Also, with respect to the vertical direction, the conductive oxide film layer is formed on the lower layer of the p-type first semiconductor layer at a position facing the electrode (hereafter occasionally referred to as “n-side electrode”) formed on the upper layer of the n-type third semiconductor layer. Although having a smaller specific resistance as compared with an insulating layer such as SiO₂, the conductive oxide film layer can be made to have a specific resistance of about hundred times as large as that of the conductive layer (for example, Ag, hereafter occasionally referred to as “p-side conductive layer”) formed on the lower layer of the first semiconductor layer. For this reason, when a voltage is applied between the p-side conductive layer and the n-side electrode, a current flows along a current path that goes from the p-side conductive layer formed at a site that is in contact with the p-type first semiconductor layer towards the n-side electrode via the light-emitting layer. The conductive oxide film layer is formed on the upper layer of the p-side conductive layer at a site facing the n-side electrode in the vertical direction. In other words, the p-side conductive layer is in contact with the first semiconductor layer at a position that does not face the n-side electrode in the vertical direction. As a result of this, when a voltage is applied between the p-side conductive layer and the n-side electrode, the current can be let to flow via a current path having a certain width in the horizontal direction within the light-emitting layer, whereby the region where the current flows within the light-emitting layer is widened in the horizontal direction to increase the light emission efficiency of the LED element.
In other words, the above construction makes it possible to prevent inviting a situation such as cracks or exfoliation at a layer interface at the time of production while ensuring horizontal-direction widening of a current flowing within the light-emitting layer.
The LED element described above can be formed by passing through the following steps. In other words, the production method includes:
a step (a) of preparing a sapphire substrate;
a step (b) of forming the third semiconductor layer, the light-emitting layer, the second semiconductor layer, and the first semiconductor layer on the upper layer of the sapphire substrate in this order from below;
a step (c) of forming a conductive oxide film layer made of a material having a thermal expansion coefficient of 1×10⁻⁶/K or more and 1×10⁻⁵/K or less at a first predetermined site of an upper layer of the first semiconductor layer;
a step (d) of forming a conductive layer so as to cover an exposed portion of an upper surface of the first semiconductor layer and an upper surface of the conductive oxide film layer;
a step (e) of bonding a bottom surface of a support substrate made of a conductor or a semiconductor onto an upper surface of the conductive layer directly or via another conductive layer;
a step (f) of exfoliating the sapphire substrate by radiating laser light from above in a state in which the support substrate is positioned at a bottom and the sapphire substrate is positioned at a top, so as to expose an upper surface of the third semiconductor layer; and
a step (g) of forming an electrode on the upper layer of the third semiconductor layer at a position above the first predetermined site.

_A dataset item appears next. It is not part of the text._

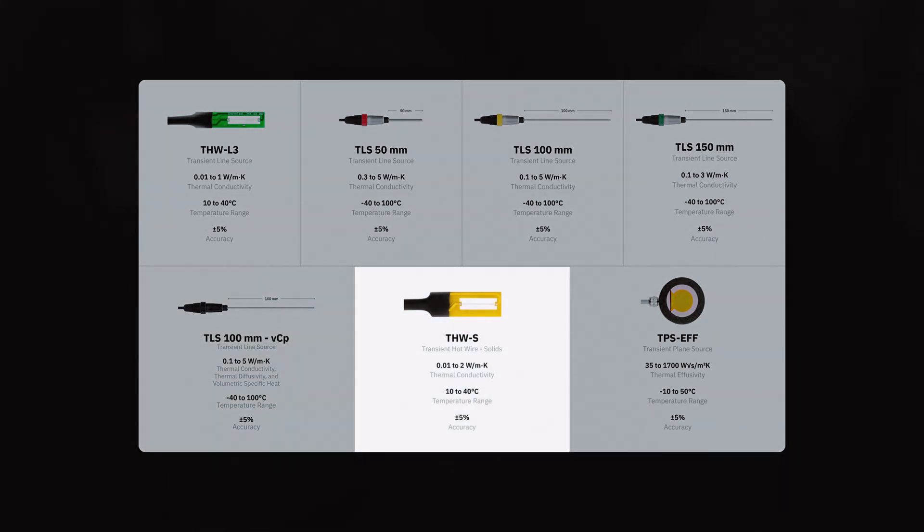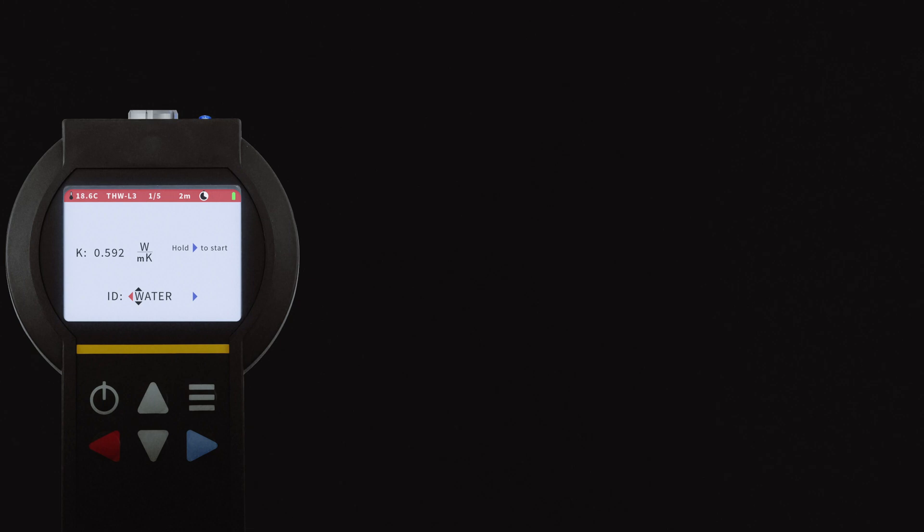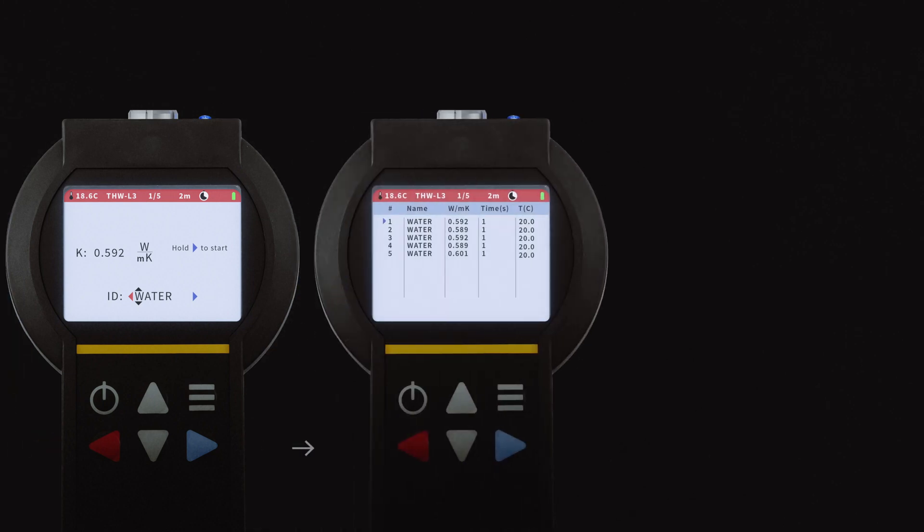Lastly, the THWS is ideal for measuring small homogeneous insulation or gasket type materials. Measurements with the MP2 can be activated individually, auto-scheduled on the device, or with the included software utility program.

Here, it is suitable to make the uppermost layer of the conductive layer, that is, the layer formed at a site that is in contact with the first semiconductor layer, be a reflective electrode. As the reflective electrode, Ag, an Ag-based metal (an alloy of Ni and Ag), Al, or the like can be used, for example. The light extraction efficiency can be increased by upward reflection of the light radiated downward (to the support substrate side) from the light-emitting layer.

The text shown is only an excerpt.